ENTRIES PROVIDED
-.-.-
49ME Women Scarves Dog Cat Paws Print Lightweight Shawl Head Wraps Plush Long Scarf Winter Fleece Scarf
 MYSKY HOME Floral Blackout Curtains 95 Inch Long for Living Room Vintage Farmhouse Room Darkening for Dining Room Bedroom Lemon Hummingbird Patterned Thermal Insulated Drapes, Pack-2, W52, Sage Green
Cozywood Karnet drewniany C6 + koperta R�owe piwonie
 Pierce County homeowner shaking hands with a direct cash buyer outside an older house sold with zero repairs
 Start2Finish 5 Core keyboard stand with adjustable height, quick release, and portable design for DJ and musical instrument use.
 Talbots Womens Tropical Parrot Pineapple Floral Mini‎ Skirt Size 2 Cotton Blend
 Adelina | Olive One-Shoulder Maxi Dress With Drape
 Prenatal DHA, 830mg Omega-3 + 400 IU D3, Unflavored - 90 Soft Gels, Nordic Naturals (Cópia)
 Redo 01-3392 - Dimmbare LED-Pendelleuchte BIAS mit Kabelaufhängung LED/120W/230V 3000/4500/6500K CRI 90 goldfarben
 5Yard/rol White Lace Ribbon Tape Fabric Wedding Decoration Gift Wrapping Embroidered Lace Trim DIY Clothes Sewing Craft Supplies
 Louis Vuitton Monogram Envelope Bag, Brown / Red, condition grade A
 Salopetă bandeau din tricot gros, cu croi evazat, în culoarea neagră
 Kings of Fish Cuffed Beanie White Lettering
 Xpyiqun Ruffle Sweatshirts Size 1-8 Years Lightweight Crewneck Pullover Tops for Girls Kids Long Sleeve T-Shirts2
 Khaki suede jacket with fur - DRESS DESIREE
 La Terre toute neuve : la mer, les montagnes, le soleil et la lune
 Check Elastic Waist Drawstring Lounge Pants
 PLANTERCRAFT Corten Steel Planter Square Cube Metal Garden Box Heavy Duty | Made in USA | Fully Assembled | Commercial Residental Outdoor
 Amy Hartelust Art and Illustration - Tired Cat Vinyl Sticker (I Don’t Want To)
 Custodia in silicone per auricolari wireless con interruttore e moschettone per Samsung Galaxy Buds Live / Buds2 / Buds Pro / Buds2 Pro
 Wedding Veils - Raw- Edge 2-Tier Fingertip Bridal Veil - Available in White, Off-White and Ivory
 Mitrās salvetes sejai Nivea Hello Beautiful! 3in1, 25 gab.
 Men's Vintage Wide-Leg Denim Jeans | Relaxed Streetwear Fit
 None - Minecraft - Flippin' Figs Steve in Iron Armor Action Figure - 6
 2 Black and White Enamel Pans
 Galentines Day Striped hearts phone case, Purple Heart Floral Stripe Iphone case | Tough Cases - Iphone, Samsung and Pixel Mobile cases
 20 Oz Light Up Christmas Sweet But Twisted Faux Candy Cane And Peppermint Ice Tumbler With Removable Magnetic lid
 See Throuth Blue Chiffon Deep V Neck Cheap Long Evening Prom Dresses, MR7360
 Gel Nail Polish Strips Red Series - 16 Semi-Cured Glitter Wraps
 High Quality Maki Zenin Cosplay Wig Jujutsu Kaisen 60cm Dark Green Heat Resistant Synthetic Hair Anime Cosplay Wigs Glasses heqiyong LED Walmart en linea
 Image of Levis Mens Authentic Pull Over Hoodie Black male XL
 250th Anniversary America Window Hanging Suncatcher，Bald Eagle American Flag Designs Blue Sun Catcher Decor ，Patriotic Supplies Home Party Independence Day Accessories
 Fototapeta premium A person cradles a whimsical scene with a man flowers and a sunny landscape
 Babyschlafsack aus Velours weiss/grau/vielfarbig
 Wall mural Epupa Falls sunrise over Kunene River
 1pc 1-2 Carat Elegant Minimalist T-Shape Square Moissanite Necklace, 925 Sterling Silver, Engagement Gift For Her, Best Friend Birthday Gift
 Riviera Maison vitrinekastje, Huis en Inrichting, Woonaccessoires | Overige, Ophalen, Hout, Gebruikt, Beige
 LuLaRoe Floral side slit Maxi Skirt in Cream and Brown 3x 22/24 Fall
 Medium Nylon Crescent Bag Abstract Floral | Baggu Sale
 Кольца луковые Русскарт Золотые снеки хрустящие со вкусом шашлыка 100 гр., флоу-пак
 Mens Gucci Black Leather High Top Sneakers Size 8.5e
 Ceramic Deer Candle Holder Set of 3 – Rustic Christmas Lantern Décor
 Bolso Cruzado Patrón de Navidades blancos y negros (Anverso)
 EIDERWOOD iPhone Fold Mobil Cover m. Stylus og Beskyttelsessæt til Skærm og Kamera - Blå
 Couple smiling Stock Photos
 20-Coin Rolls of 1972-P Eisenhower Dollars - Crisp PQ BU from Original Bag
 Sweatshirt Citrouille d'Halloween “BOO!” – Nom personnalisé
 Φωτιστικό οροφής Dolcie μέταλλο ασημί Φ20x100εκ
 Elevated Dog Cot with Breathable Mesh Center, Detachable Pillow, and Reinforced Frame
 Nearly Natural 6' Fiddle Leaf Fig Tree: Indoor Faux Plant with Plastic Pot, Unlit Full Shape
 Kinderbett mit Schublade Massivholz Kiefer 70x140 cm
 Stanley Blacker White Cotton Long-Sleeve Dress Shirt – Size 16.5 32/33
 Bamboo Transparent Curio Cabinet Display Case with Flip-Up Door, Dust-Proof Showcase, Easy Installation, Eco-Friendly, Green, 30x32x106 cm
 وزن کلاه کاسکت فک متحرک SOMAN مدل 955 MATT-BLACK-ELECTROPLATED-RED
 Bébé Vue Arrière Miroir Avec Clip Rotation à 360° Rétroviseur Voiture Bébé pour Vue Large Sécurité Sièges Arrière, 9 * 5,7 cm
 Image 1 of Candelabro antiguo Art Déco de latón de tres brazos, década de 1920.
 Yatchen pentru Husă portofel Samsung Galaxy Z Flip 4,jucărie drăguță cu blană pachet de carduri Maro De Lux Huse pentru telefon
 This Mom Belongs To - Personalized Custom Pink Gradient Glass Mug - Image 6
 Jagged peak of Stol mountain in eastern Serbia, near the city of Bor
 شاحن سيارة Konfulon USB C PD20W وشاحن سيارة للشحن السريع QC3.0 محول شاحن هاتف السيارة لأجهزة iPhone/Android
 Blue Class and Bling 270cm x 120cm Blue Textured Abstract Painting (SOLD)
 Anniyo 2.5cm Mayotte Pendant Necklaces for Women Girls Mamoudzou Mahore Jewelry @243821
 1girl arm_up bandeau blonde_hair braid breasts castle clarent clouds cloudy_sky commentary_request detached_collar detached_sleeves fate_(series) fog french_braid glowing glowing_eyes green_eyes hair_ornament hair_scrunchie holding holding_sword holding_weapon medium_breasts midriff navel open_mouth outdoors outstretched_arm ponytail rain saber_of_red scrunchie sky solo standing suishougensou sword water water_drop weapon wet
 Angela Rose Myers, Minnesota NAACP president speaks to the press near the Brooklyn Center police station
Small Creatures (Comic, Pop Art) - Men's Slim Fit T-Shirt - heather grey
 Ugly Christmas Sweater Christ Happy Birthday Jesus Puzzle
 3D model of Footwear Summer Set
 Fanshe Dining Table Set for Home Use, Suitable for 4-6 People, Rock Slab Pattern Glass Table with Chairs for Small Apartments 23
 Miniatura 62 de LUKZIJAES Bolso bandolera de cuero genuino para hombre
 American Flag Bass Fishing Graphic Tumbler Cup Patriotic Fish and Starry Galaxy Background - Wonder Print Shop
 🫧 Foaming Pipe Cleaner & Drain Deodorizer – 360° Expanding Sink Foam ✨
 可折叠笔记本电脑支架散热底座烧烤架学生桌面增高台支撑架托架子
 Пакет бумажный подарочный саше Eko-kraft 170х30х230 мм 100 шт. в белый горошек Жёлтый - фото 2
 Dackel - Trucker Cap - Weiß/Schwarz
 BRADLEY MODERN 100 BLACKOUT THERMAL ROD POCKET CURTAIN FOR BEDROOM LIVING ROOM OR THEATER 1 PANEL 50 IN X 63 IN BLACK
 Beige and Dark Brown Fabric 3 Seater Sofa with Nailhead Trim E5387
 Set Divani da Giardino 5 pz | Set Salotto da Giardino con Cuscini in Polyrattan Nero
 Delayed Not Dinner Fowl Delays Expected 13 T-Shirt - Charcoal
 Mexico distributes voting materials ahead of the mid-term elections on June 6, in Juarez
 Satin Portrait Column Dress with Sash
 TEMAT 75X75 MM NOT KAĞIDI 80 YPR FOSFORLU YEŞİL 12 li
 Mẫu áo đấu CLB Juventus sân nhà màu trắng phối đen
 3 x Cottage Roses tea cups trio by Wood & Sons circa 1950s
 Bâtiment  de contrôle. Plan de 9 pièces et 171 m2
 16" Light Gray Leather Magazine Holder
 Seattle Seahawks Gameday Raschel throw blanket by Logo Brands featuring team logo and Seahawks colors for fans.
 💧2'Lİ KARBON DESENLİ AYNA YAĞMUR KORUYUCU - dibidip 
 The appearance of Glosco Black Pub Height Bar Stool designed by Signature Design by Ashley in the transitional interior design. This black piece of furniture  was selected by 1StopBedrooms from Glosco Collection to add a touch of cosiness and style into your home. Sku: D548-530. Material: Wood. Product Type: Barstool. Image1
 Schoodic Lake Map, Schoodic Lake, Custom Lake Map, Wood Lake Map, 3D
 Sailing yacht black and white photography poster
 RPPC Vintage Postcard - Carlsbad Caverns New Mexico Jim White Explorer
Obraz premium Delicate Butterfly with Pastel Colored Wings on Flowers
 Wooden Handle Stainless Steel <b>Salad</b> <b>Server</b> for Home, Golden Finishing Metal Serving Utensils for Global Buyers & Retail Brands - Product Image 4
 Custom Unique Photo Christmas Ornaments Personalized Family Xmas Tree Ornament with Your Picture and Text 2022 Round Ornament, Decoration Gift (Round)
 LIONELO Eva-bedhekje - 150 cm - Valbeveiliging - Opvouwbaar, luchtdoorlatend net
-.-.-
WORK INSTRUCTION
Filter the records above for lines containing the word "Patriotic", and copy those lines.

OUTPUT OF THE EXERCISE
 250th Anniversary America Window Hanging Suncatcher，Bald Eagle American Flag Designs Blue Sun Catcher Decor ，Patriotic Supplies Home Party Independence Day Accessories
 American Flag Bass Fishing Graphic Tumbler Cup Patriotic Fish and Starry Galaxy Background - Wonder Print Shop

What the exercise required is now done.